▶ _Work instruction_
In the data below, locate the line containing "Paphiopedilum ?-Hybride" and the line containing "Keeping Your Landscape Watered", then retype both and everything between them exactly. Pictures are not part of the copy.

=-=-=-=-=

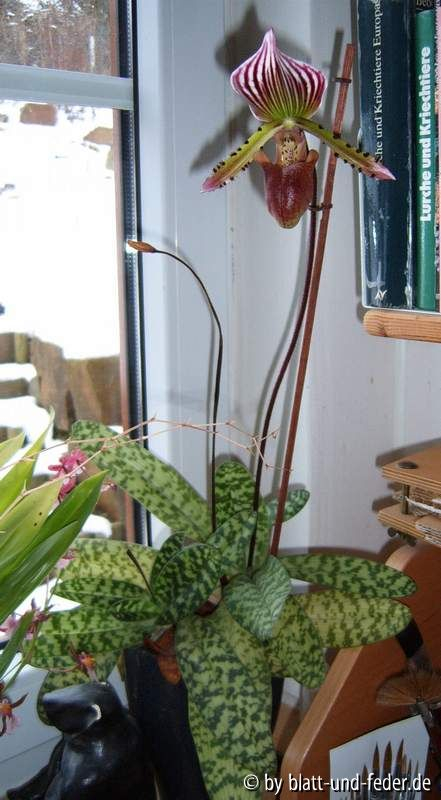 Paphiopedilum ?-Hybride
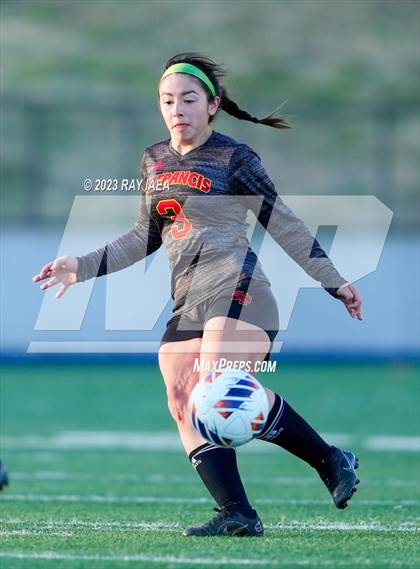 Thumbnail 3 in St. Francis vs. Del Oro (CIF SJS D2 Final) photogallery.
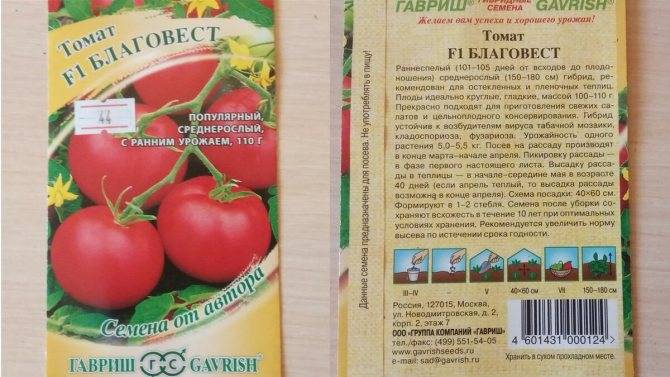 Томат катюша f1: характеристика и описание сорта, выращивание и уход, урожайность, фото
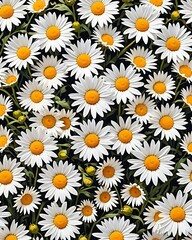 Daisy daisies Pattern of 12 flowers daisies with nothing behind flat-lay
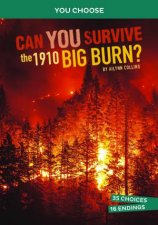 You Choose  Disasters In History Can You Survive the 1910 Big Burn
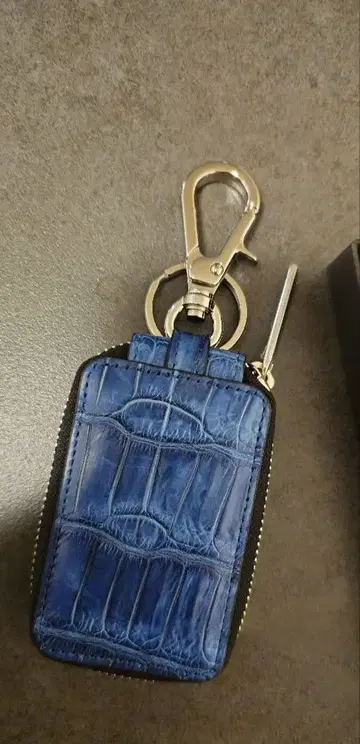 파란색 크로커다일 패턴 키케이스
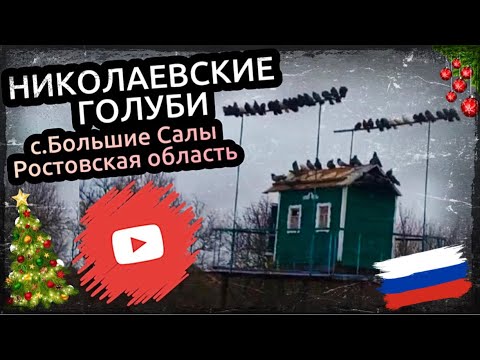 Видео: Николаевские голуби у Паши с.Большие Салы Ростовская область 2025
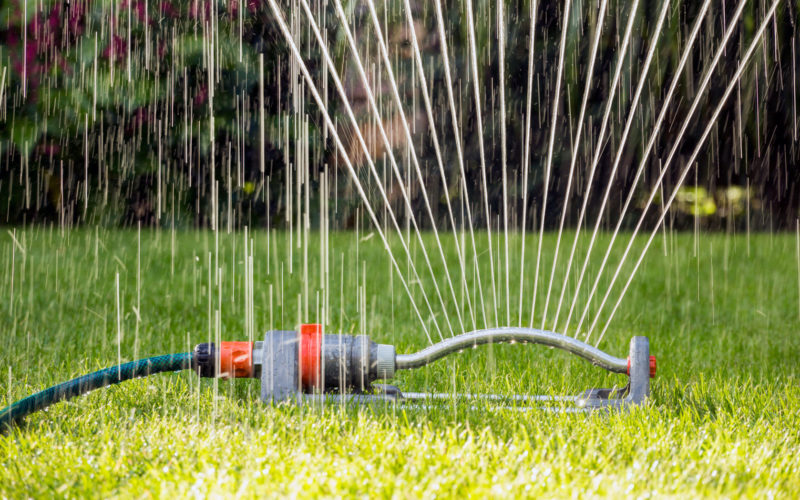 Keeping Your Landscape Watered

=-=-=-=-=

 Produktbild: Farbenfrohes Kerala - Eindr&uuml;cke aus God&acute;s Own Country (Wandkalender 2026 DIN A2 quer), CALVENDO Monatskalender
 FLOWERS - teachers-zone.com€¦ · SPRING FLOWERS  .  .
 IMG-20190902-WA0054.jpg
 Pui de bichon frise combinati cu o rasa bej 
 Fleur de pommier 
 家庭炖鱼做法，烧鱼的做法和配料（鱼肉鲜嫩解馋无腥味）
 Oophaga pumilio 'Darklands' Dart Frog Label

=-=-=-=-=

▶ _Solved exercise_
 Paphiopedilum ?-Hybride
 Thumbnail 3 in St. Francis vs. Del Oro (CIF SJS D2 Final) photogallery.
 Томат катюша f1: характеристика и описание сорта, выращивание и уход, урожайность, фото
 Daisy daisies Pattern of 12 flowers daisies with nothing behind flat-lay
 You Choose  Disasters In History Can You Survive the 1910 Big Burn
 파란색 크로커다일 패턴 키케이스
 Видео: Николаевские голуби у Паши с.Большие Салы Ростовская область 2025
 Keeping Your Landscape Watered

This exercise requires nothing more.